Morrel eut un moment d’indécision. Il se demanda si ce n’était pas une condamnable hypocrisie que ce salut presque amical adressé à l’homme qu’il combattait sourdement; mais son serment et la gravité des circonstances lui revinrent en mémoire: il s’efforça de ne rien laisser paraître sur son visage, et salua Franz en se contenant.
«Mlle de Villefort est bien triste, n’est-ce pas? dit Debray, à Franz.
—Oh! monsieur, répondit Franz, d’une tristesse inexplicable; ce matin, elle était si défaite que je l’ai à peine reconnue.»
Ces mots si simples en apparence brisèrent le cœur de Morrel. Cet homme avait donc vu Valentine, il lui avait donc parlé?
Ce fut alors que le jeune et bouillant officier eut besoin de toute sa force pour résister au désir de violer son serment.
Il prit le bras de Château-Renaud et l’entraîna rapidement vers le caveau, devant lequel les employés des pompes funèbres venaient de déposer les deux cercueils.
«Magnifique habitation, dit Beauchamp en jetant les yeux sur le mausolée; palais d’été, palais d’hiver. Vous y demeurerez à votre tour, mon cher d’Épinay, car vous voilà bientôt de la famille. Moi, en ma qualité de philosophe, je veux une petite maison de campagne, un cottage là-bas sous les arbres, et pas tant de pierres de taille sur mon pauvre corps. En mourant, je dirai à ceux qui m’entoureront ce que Voltaire écrivait à Piron: Eo rus, et tout sera fini.... Allons, morbleu! Franz, du courage, votre femme hérite.
—En vérité, Beauchamp, dit Franz, vous êtes insupportable.
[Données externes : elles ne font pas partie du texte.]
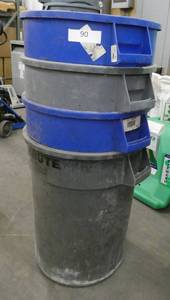 lot 90 image: 4 used 30 gallon garbage barrels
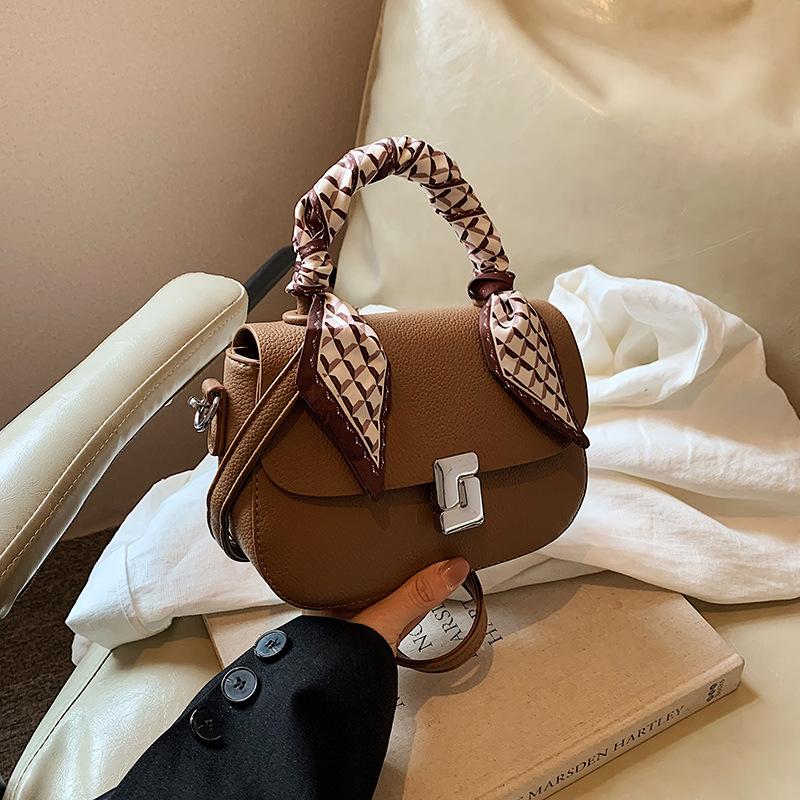 Новая стильная и простая шелковая сумка-флип с замком, портативная, на плечо, через плечо, универсальная женская сумка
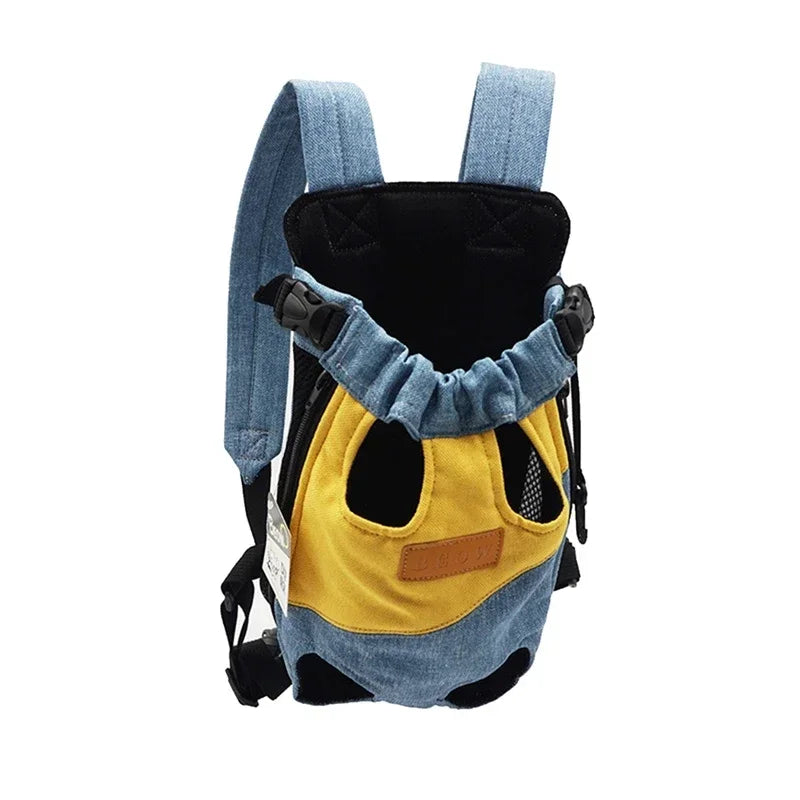 Sac de transport pour chien en jean bleu et jaune avec ouvertures pour les pattes et étiquette.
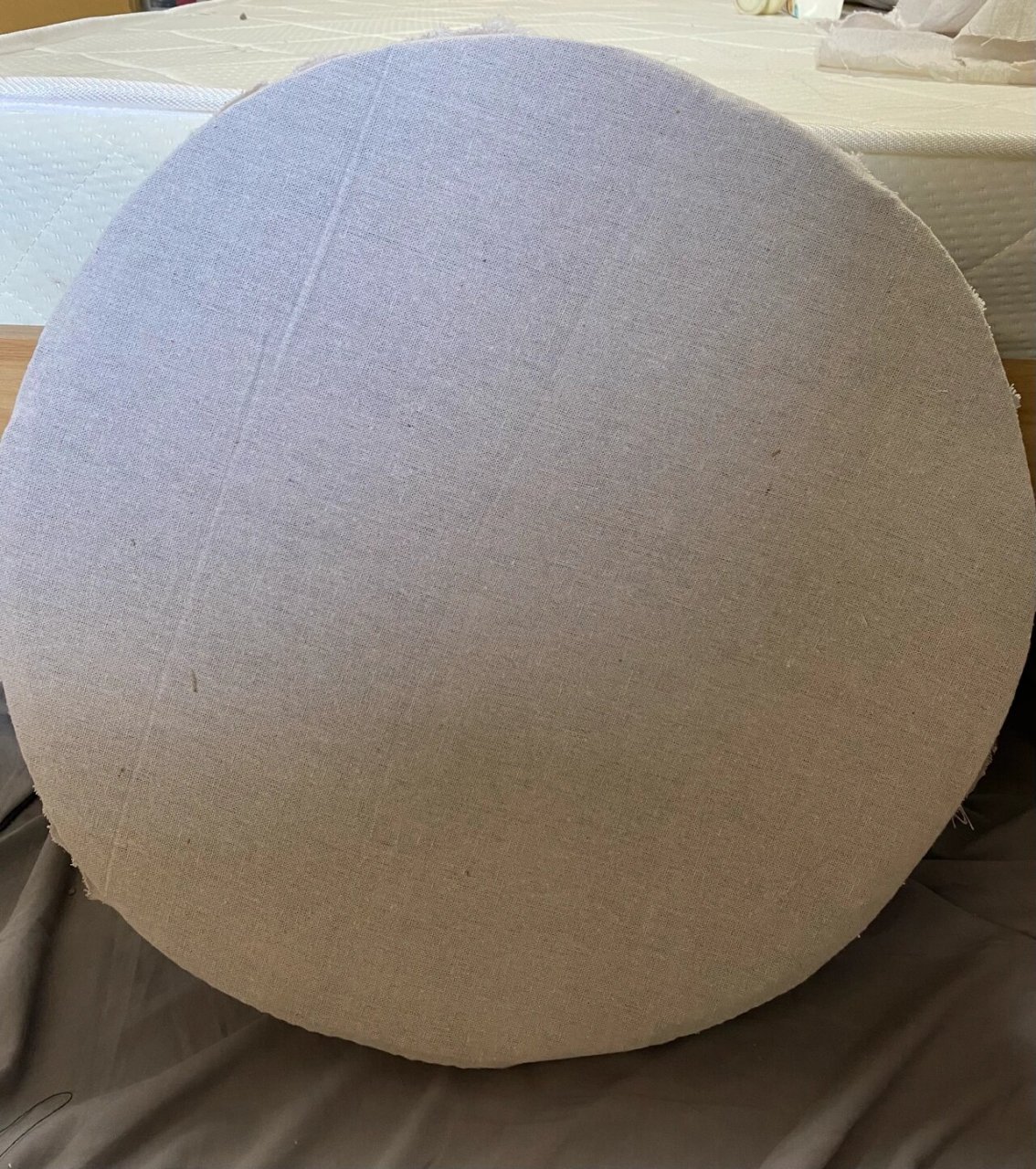 自制蒲团垫子 最近搬了个家,激起了自己的手工欲望,做了个蒲团垫子,第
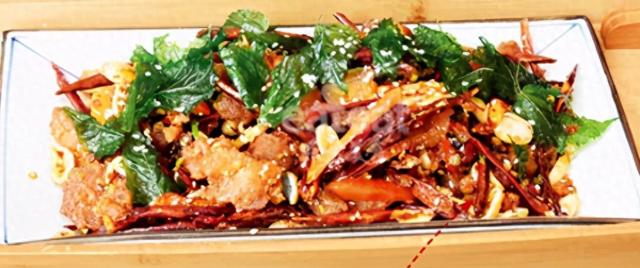 香辣酥是什么（朝天门辣子鸡 香辣酥替代传统的香辣酱 减少了辣味而增加了香味）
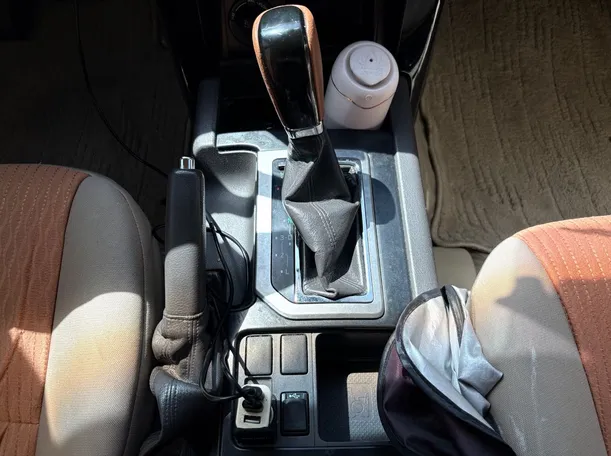 Car image 19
Les affaires politiques vous ont donné l’habitude de rire de tout, et les hommes qui mènent les affaires ont l’habitude de ne croire à rien. Mais enfin, Beauchamp, quand vous avez l’honneur de vous trouver avec des hommes ordinaires, et le bonheur de quitter un instant la politique, tâchez donc de reprendre votre cœur que vous laissez au bureau des cannes de la Chambre des députés ou de la Chambre des pairs.
—Eh, mon Dieu! dit Beauchamp, qu’est-ce que la vie? une halte dans l’antichambre de la mort.